Expert screenwriting advice for beginners and pros from John Yorke of the BBC Studios Writers' Academy

The first rule of screenwriting is there aren’t ten rules of screenwriting. But…

Try typing the name of any newspaper alongside the number 'ten' into Google and a tsunami of lists descends upon you: the 'rules of…' , 'places where…' , 'bests of…', worsts and favourites only starts to peter out around page 25 of the search engine’s results. Arbitrary constructs built to tame a wild and uncontrollable reality, lists are, in essence, absurd and it’s easy to be lofty and dismissive, but the urge to confer shape, to order to stabilise is engrained in all of us – and it’s from this that dramatic – indeed all narrative – structure is born.
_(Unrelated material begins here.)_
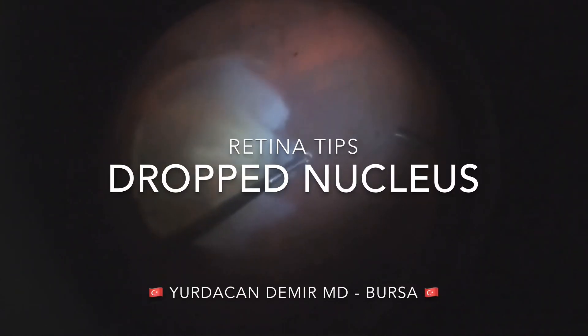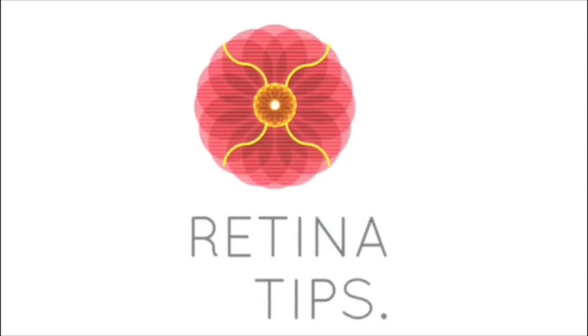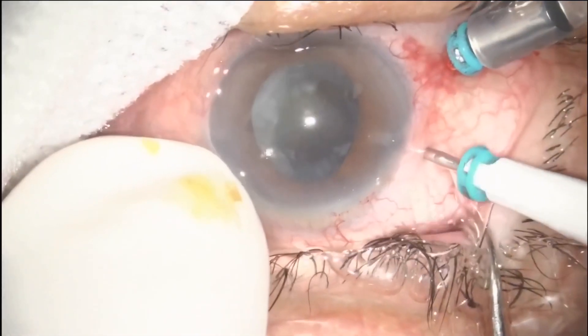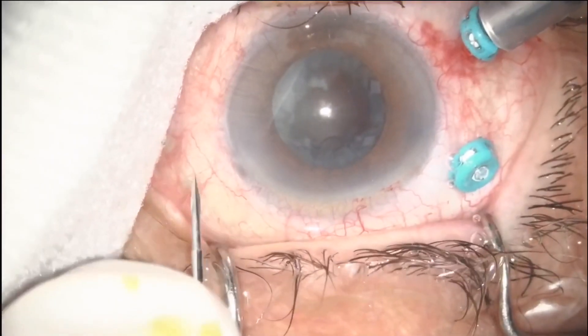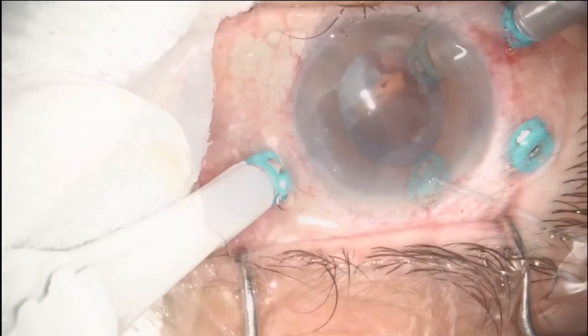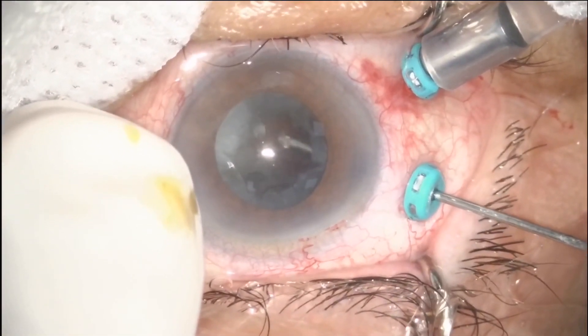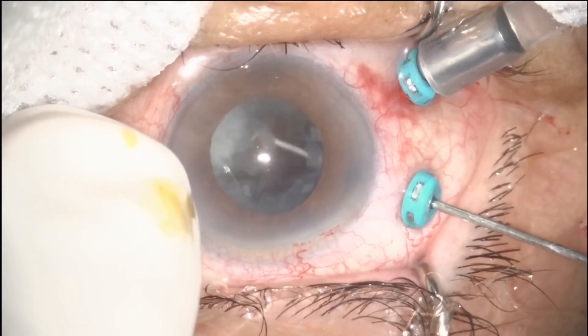This is the case of a dropped nucleus, shared by Dr. Yurda Kandemir from Bursa, Turkey. In this video, we discuss a technique to approach a dropped nucleus using perfluorocarbon liquid to bring it to the anterior chamber and to remove it with phacoemulsification. The first step is to remove the vitreous core and vitreous membranes in the pupil and anterior chamber.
As Nick Hornby discovered in High Fidelity – and every magazine editor knows –  lists are profoundly attractive and addictive. In that spirit, here are ten things that all screenwriters probably should know.
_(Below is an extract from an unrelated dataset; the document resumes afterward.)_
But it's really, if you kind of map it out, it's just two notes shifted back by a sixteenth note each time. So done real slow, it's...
1) The architecture of all stories is fundamentally the same

Take just one story - a dangerous monster threatens a community and one person takes it on themself to kill the beast and restore happiness to the kingdom. It’s the story of Jaws, released in 1976. But it’s also the story of Beowulf, the Anglo-Saxon epic poem published some time between the eighth and eleventh centuries. And it’s more familiar than that: it’s The Thing, it’s Jurassic Park, it’s Godzilla, it’s The Blob – all films with real tangible monsters. If you recast the monsters in human form, it’s also every James Bond film, every episode of House or CSI. You can see the same shape in The Exorcist, The Shining, Fatal Attraction, Scream, Psycho and Saw. The monster may change from a literal one in Nightmare on Elm Street to a corporation in Erin Brockovich, but the underlying architecture – in which a foe is vanquished and order restored to a community – stays the same. The monster can be fire in The Towering Inferno, an upturned boat in The Poseidon Adventure, or a boy’s mother in Ordinary People. Though superficially dissimilar, the skeletons of each are identical.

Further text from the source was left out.